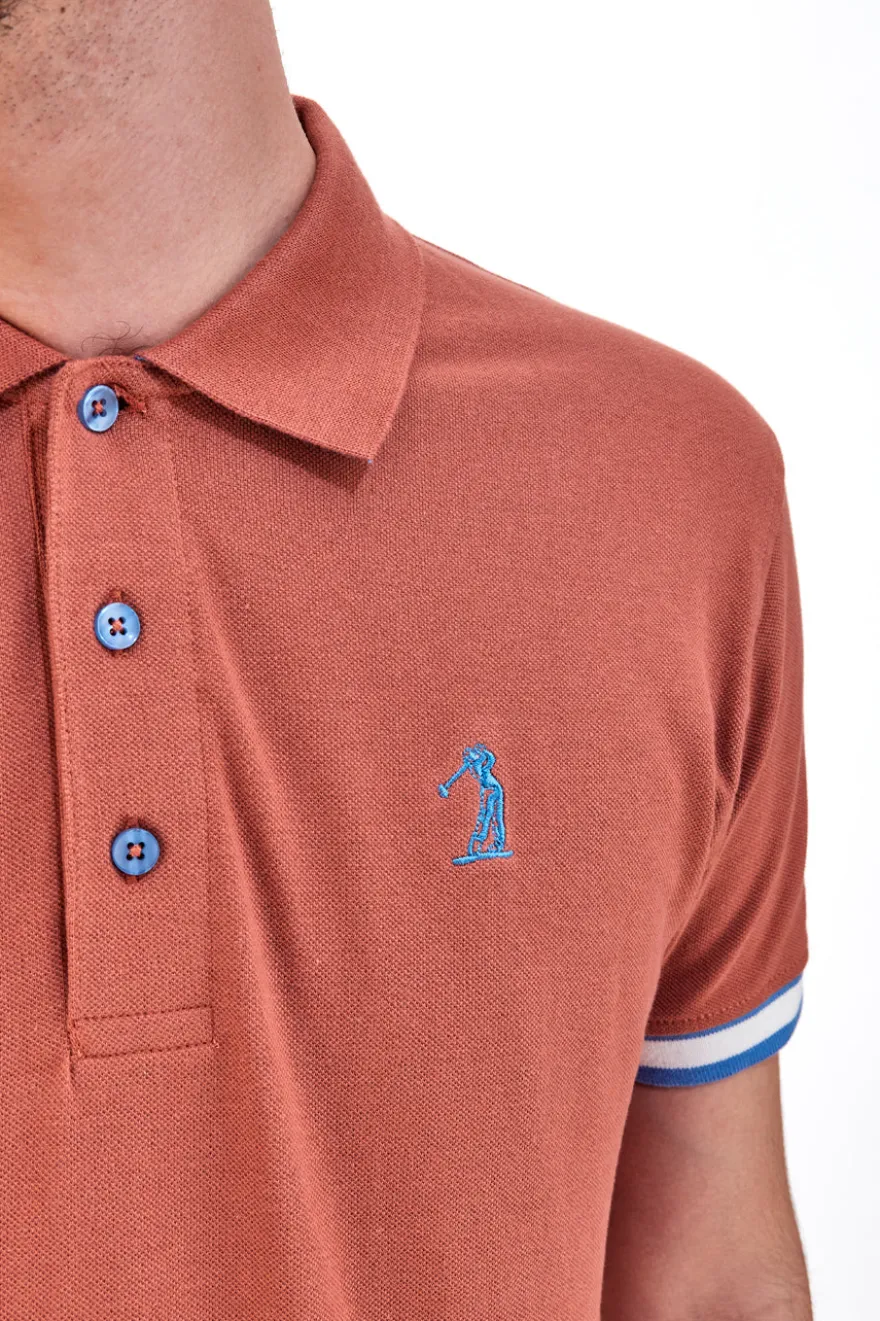 Polo Mezza Manica Marrone Bruciato US Golf Club 1327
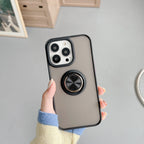 Husă iPhone 13 Pro Max, ultra-rezistentă cu suport, cu inel rotativ și spate mat translucid, negru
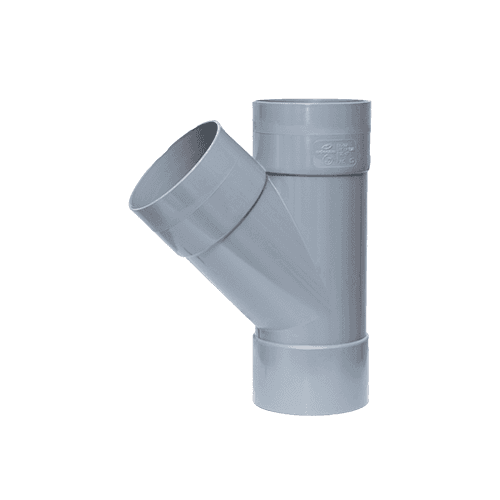 Y sanitaria de PVC, diámetro 50 mm, 45°, Hembra/Hembra.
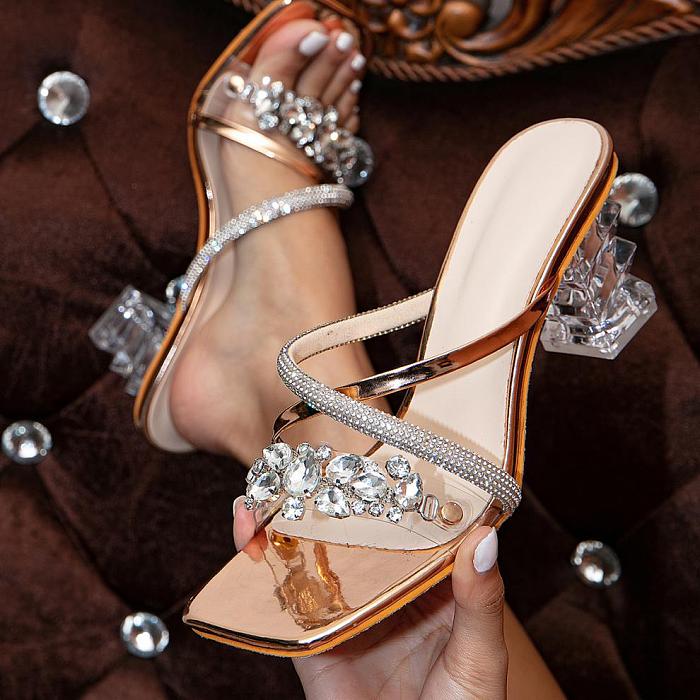 SUPER WHOLESALE | Square-Toe Rhinestone Crystal Block-Heel Transparent Sandals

+-------+

Work required: Your task is to quote exactly the lines from the one with "Husă iPhone 13" through the end of the material, both included, without reproducing any pictures.

Response:
 Husă iPhone 13 Pro Max, ultra-rezistentă cu suport, cu inel rotativ și spate mat translucid, negru
 Y sanitaria de PVC, diámetro 50 mm, 45°, Hembra/Hembra.
 SUPER WHOLESALE | Square-Toe Rhinestone Crystal Block-Heel Transparent Sandals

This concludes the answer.